As a Site Reliability Engineer (SRE), you'll help build a meaningful engineering discipline, combining software and systems to develop creative engineering solutions to operations problems. Much of our support and software development focuses on optimizing existing systems, building infrastructure and reducing work through automation. You'll join a team of curious problem solvers with a diverse set of perspectives who are thinking big and taking risks. In this environment, you'll take the lead on relevant projects, supported by an organization that provides the support and mentorship you need to learn and grow. As an SRE, you'll be focused on running better production applications and systems.
You'll be a member of a global support team that operates from United States, Singapore and India. In this role, you will undertake a Tier 3 position that will involve day to day incident and problem management of major impacting data issues globally and proactive infrastructure management. You will be attending bridge calls, address tickets, and work hand in hand with the GNS Tier 4/PE organizations on items such as bug fixes, design changes, and code upgrades.
This role requires a wide variety of strengths and capabilities, including:
- Bachelor's degree or equivalent experience.
- 5 or more years of experience in supporting large scale global network infrastructure running mission critical applications and services.
- Experienced in large scale software development in one or more of the programming languages such as C, C++, Perl, Python, Java, C# or .net.
- Ability to articulate and share clear, concise complex technical findings to management in understandable terms.
- Experience in these key areas:
- Hardware Architecture (performance testing, monitoring, operations)

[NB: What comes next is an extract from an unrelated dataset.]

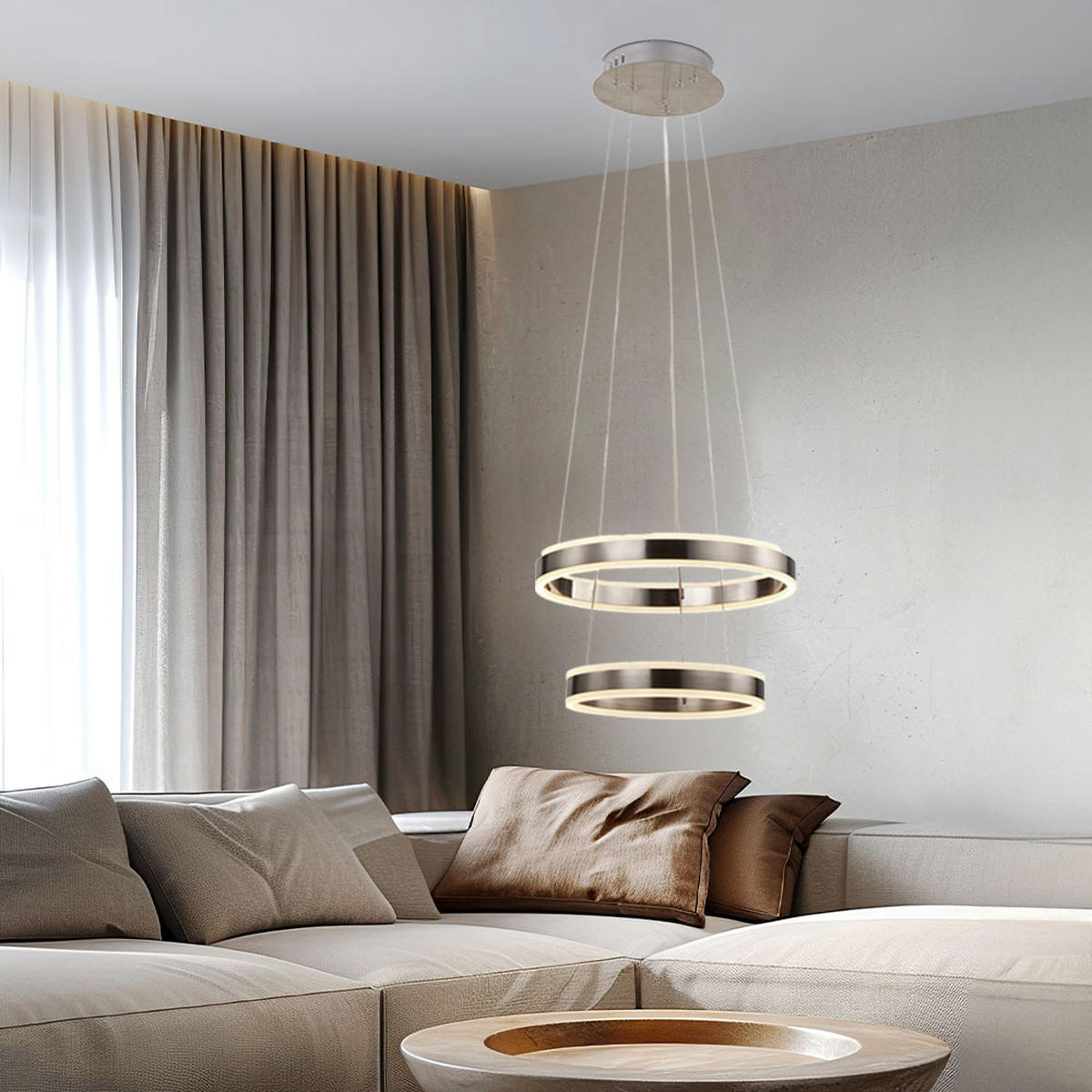 LED HÄNGELEUCHTE Ringe Silber - Silberfarben, Metall (40/40/150cm) - Nowa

- Hardware Benchmarking (Agile, program managements, network management)
- Design (compliance, security)
- Network Engineering (planning, provision)
- Experience in more than one specific infrastructure technology, for example network, server, linux, windows, cloud or storage.

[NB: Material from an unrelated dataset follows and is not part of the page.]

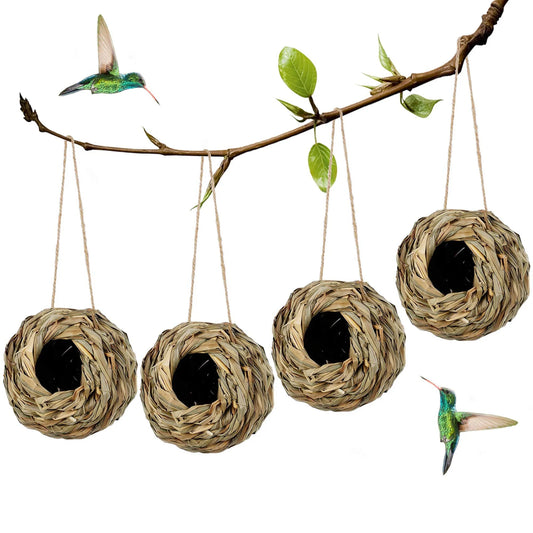 1 PCS Birds Nest Bird Cage Natural Reed Grass Spherical Hummingbird Nest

- Experience in one of following the Infrastructure automation technologies: Ansible, Puppet or Chef. In addition, experience building APIs and services using REST or SOAP, etc.
- Ability to execute with understanding of best practices and policies at top of mind.
- Ability to collaborate with high-performing teams and individuals throughout the firm to accomplish common goals.
- Proven experience managing various large-scale enterprise network topologies including LAN, WAN, Wireless, Network Security & Services. Examples include Routers (Cisco - ASR/GSR/Nexus/Juniper) Switches (Cisco), Wireless (Cisco), Transport (Cisco/Ciena). Firewall (Check Point and Cisco), Load Balancers (Cisco and F5), Proxy (Blue Coat), Etc. Certifications in these areas are preferable.
- Experience in Packet Capture tools and analysis such as Niksun, ARX/AIX, Endace, and cPacket.
- Ability to identify manual operational tasks and develop automation to solve problems in a modern site reliability engineer support model.
We recognize that our people are our strength and the diverse talents they bring to our global workforce are directly linked to our success. We are an equal opportunity employer and place a high value on diversity and inclusion at our company. We do not discriminate on the basis of any protected attribute, including race, religion, color, national origin, gender, sexual orientation, gender identity, gender expression, age, marital or veteran status, pregnancy or disability, or any other basis protected under applicable law. In accordance with applicable law, we make reasonable accommodations for applicants' and employees' religious practices and beliefs, as well as any mental health or physical disability needs.